▶ [Task item]: With the pictures omitted, print exactly the lines below, from the one containing "I Tolerate A" through the one containing "天津傲诺拉丰胸假体医院实力榜盘点！", and nothing else.

▶ [Data for processing]:
[Start of Attachment]

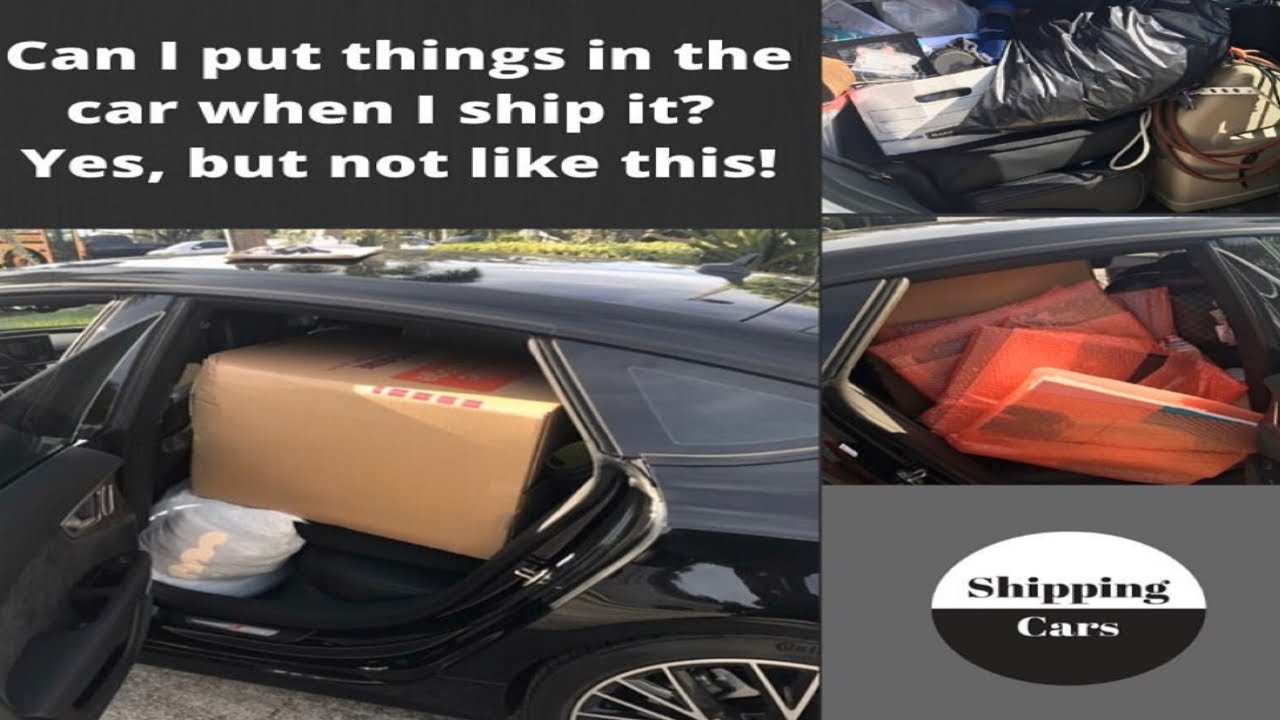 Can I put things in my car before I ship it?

[End of Attachment]
[Start of Attachment]

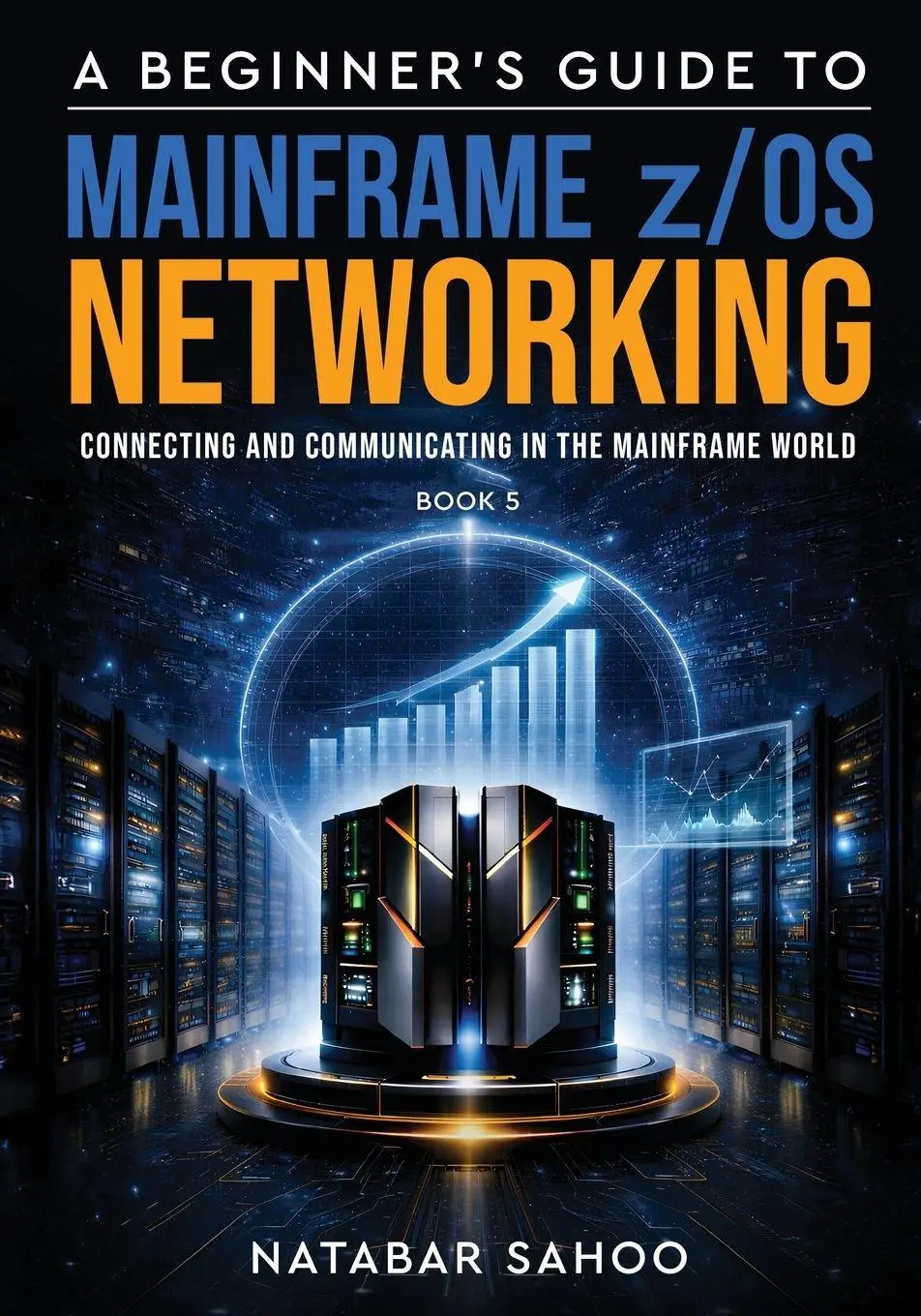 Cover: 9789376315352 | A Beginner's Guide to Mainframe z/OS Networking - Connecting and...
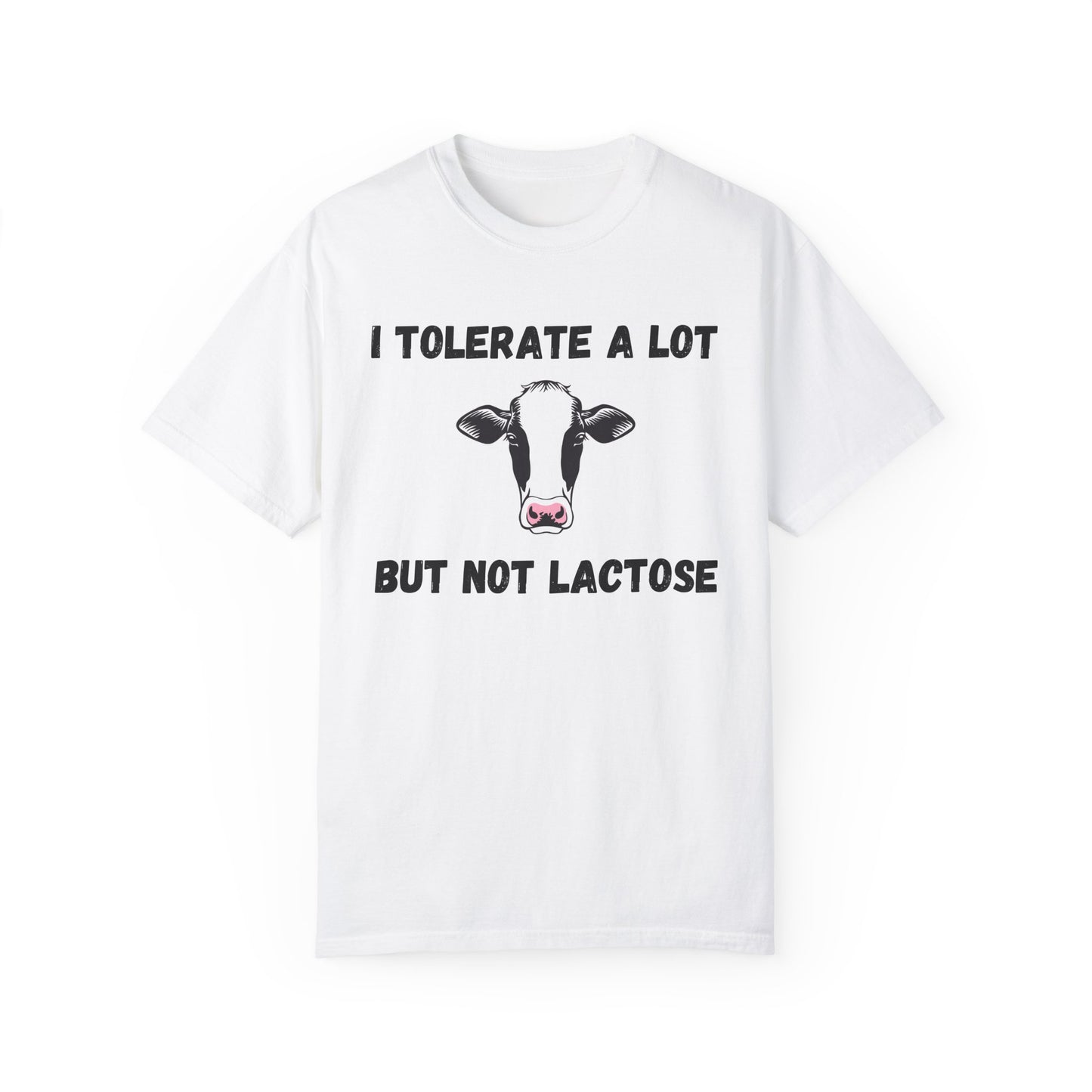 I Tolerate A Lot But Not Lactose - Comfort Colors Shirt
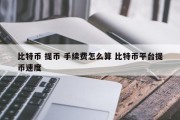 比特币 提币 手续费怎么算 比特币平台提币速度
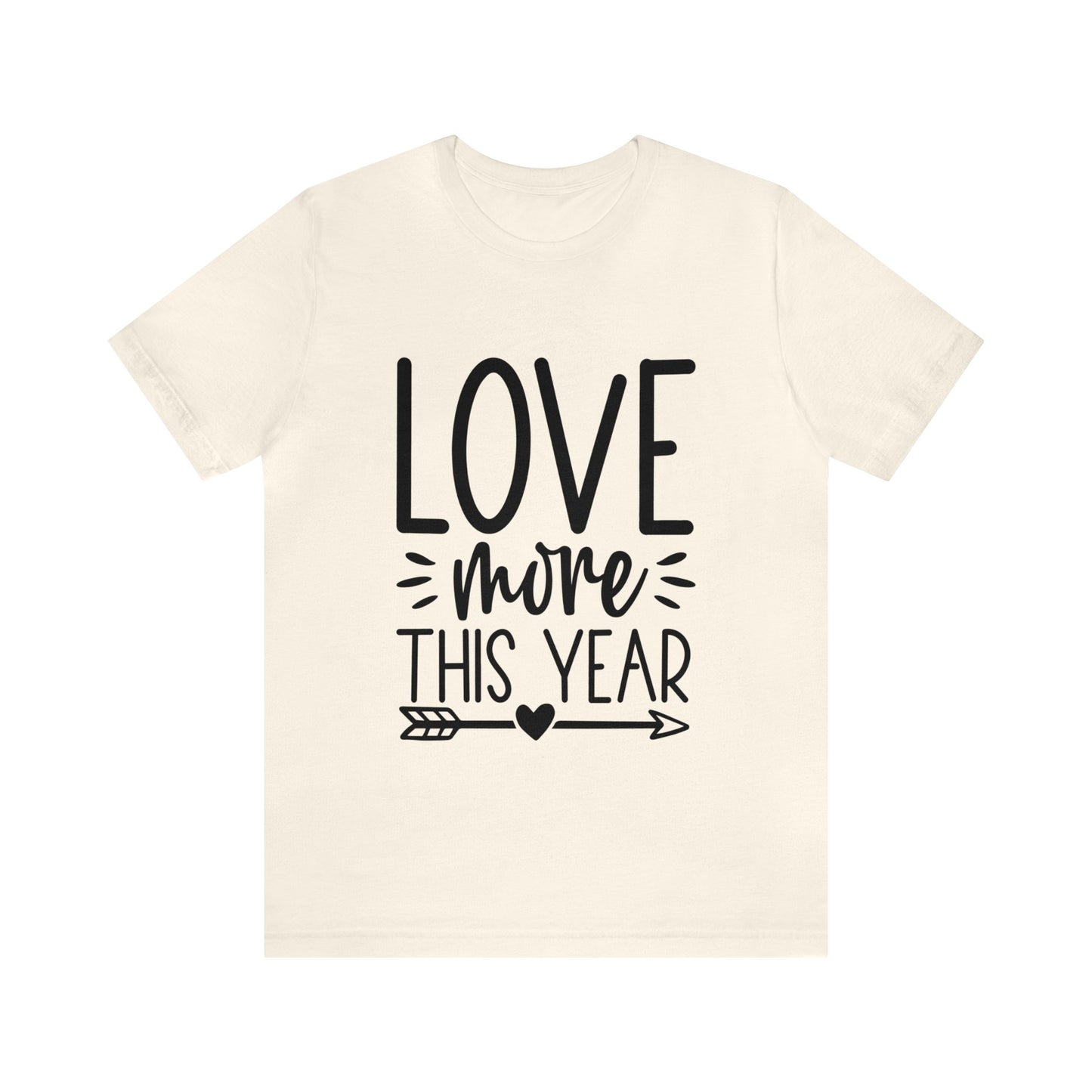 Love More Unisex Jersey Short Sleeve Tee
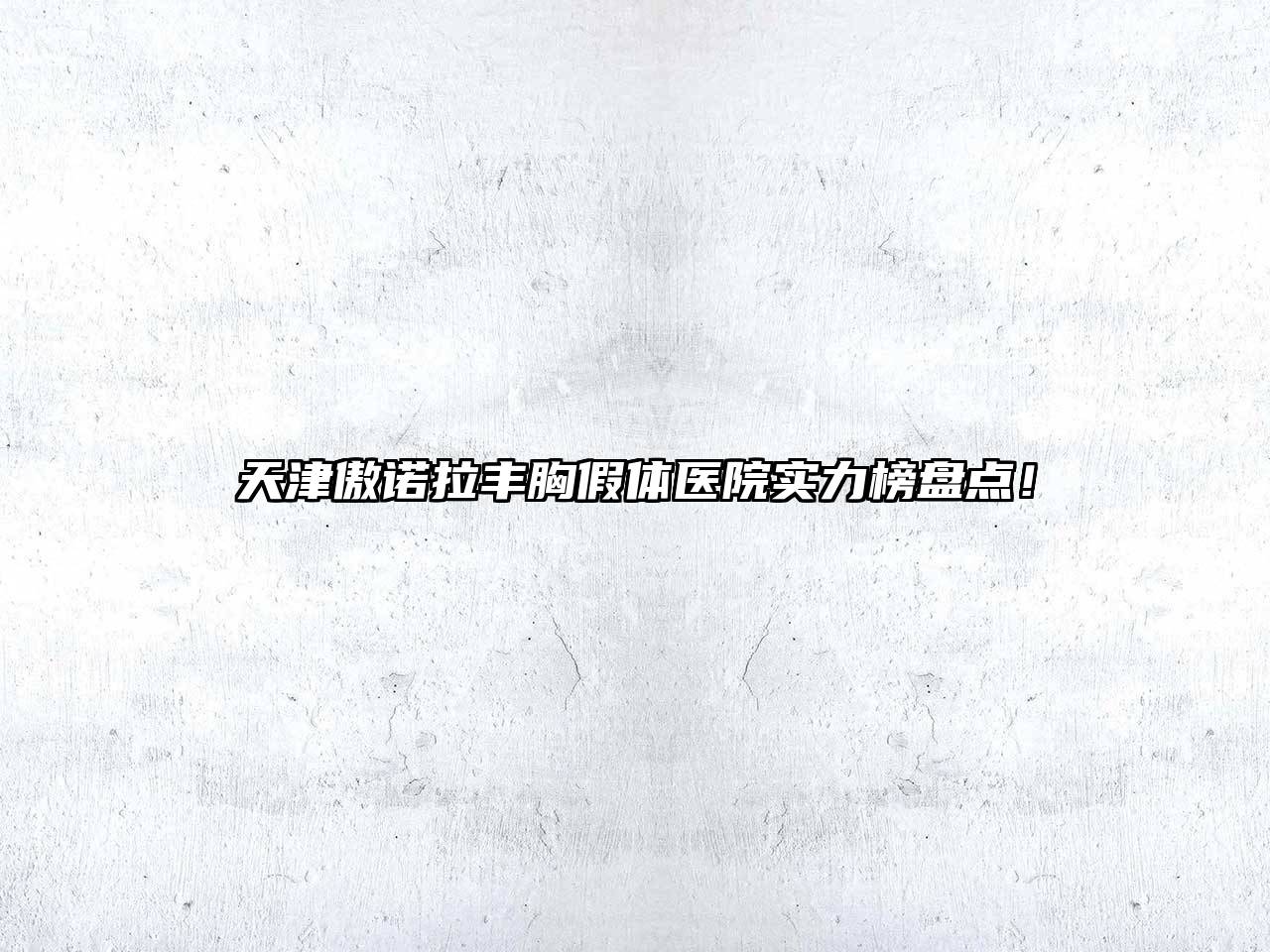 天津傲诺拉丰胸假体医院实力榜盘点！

[End of Attachment]

▶ [Task response]:
 I Tolerate A Lot But Not Lactose - Comfort Colors Shirt
 比特币 提币 手续费怎么算 比特币平台提币速度
 Love More Unisex Jersey Short Sleeve Tee
 天津傲诺拉丰胸假体医院实力榜盘点！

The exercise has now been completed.